Flash 10.1 n'existe pas en 64 bits pour Linux, Adobe voulant temporairement suspendre le support sur architecture 64 bits (les rançons aussi du closed source...)

Donc 2 solutions :

- Masquer la 10.1 pour rester en 10.0 ( ! ne pas oublier d'ajouter dans son make.conf à ACCEPT_LICENSE le mot-clé "AdobeFlash-10", c'est la nouvelle mise en place Gentoo qui nous demande d'explicitement d'accepter les licences particulières)

ou

- Installer la version précompilée 32 bits de firefox (firefox-bin)

ou ultime solution installer un équivalent libre comme gnash.

A toi de voir.

----------

## RaX

Bonsoir,

Sinon tu peux essayer avec "www-plugins/nspluginwrapper" qui fonctionne pas trop mal chez moi avec un firefox 64bits et le dernier plugin flash 32b.

Cordialement.

----------

## Chr0nos

alors resultat des tests xD :

avec "gnash" une fenetre apparais bien en lieu et place du player mais elle reste entierement vide et grise :s

donc emerge -C gnash et emerge www-plugins/nspluginwrapper

alors la: aucune reconaissance du plugin par firefox :s

comme si je n'avais rien fait :s

downgrader adobe flash j'aimerais garder ca pour la fin surtout que pas mals de 10.x sont hard masked

----------

## Poussin

 *Chr0nos wrote:*   

> alors resultat des tests xD :
> 
> avec "gnash" une fenetre apparais bien en lieu et place du player mais elle reste entierement vide et grise :s
> 
> donc emerge -C gnash et emerge www-plugins/nspluginwrapper
> ...

 

hard maské en effet, mais on est plusieurs à utiliser cette solution (je ne dis pas que c'est la bonne...) en utilisant également flashblock afin de n'autoriser les applications flash que sur les "sites de confiance"
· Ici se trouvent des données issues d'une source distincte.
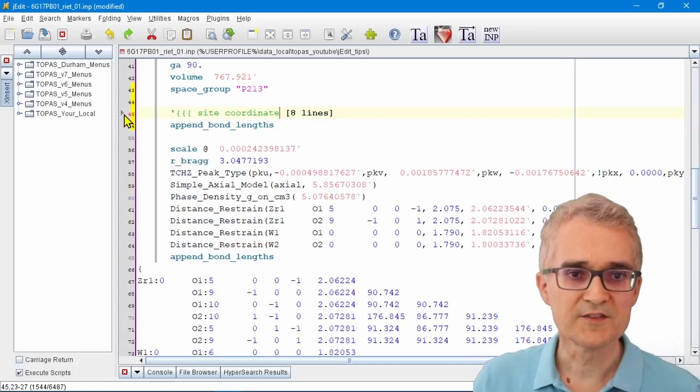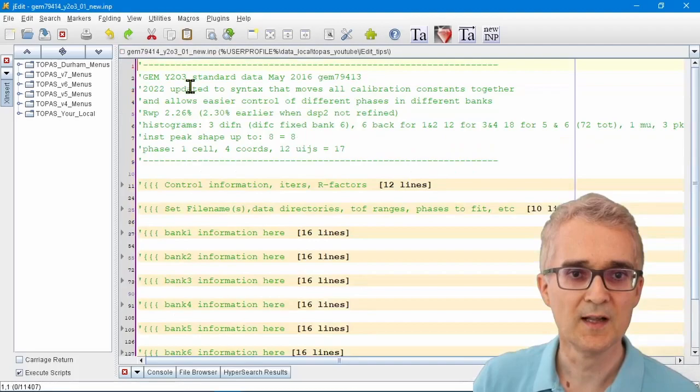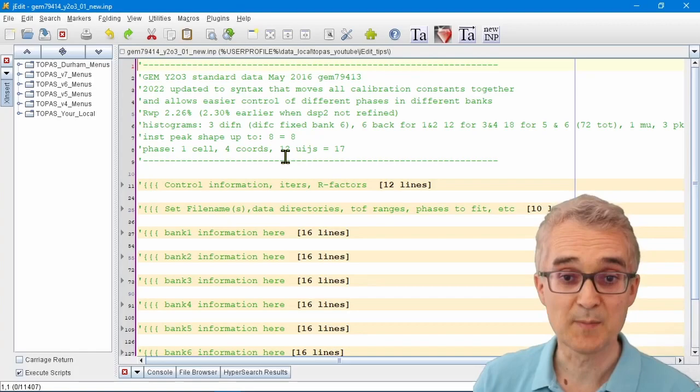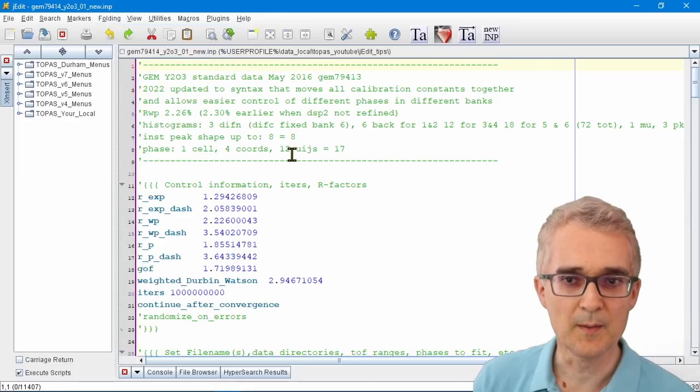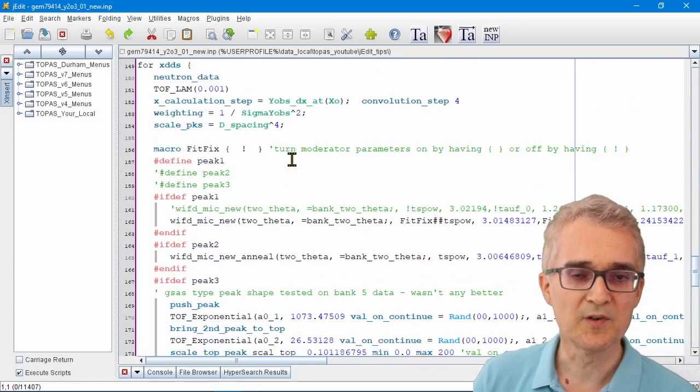That can be a very useful way of working. With simple files you don't need it, but let me show you a more complex Rietveld refinement file. This is a Rietveld refinement file for refining against six banks of data simultaneously on the time-of-flight neutron spectrometer. If I show you the full input file, you can see this is a long and complicated input file, but I've deliberately put folds on it.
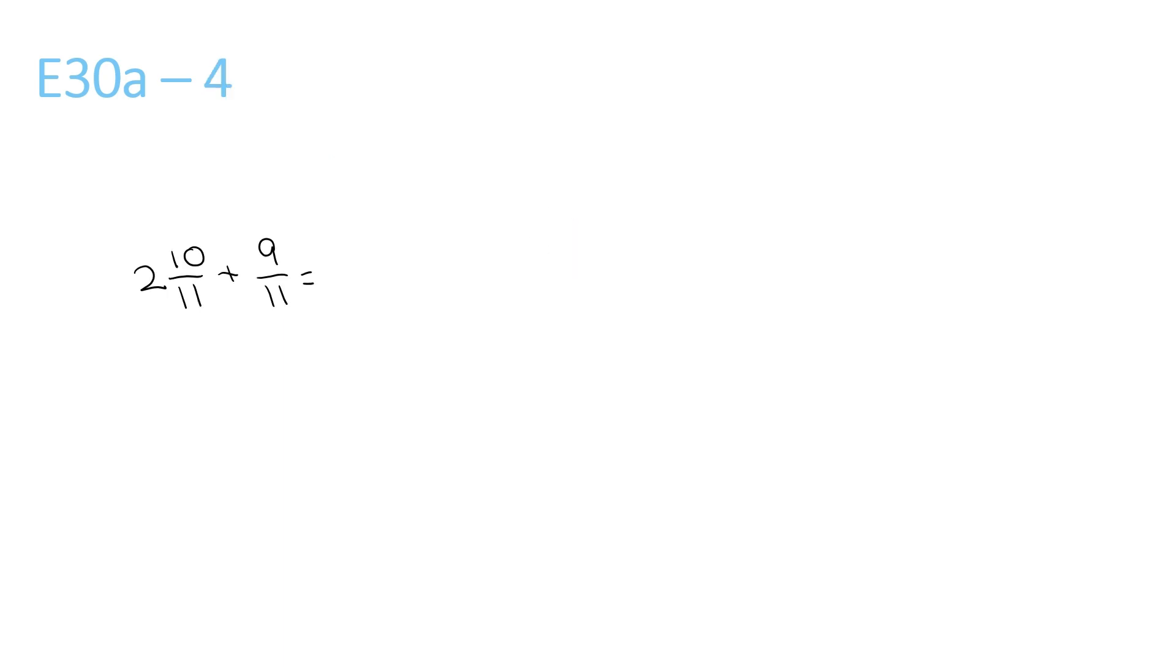Same steps as all the other questions. 2 plus nothing is 2. 10 plus 9 is 19, over 11. Now 19 over 11, 11 goes into 19 once, remainder 8 over 11.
Pour le ndiswrapper, il faut voir avec les pro de cette technique, je n'ai jamais essayé ^^

----------

## Chr0nos

j'ai emerge la version hard masquée et installé flash bloc ^ tout remarche au poil  :Smile: 

merci pour l'info en tout cas en esperant que adobe resorte une version x64 ^

----------

## Amalrik

Mêmes causes, Même problème.

Comme j'avais déjà (ou plutôt encore ^^) nspluginwrapper d'installé, j'ai (re?)testé la vieille décrite ici :

http://www.gentoo-wiki.info/Adobe_Flash

Donc juste, un petit "nspluginwrapper --verbose --install /usr/lib32/nsbrowser/plugins/libflashplayer.so" je relance le renard ardent et ça marche ...

----------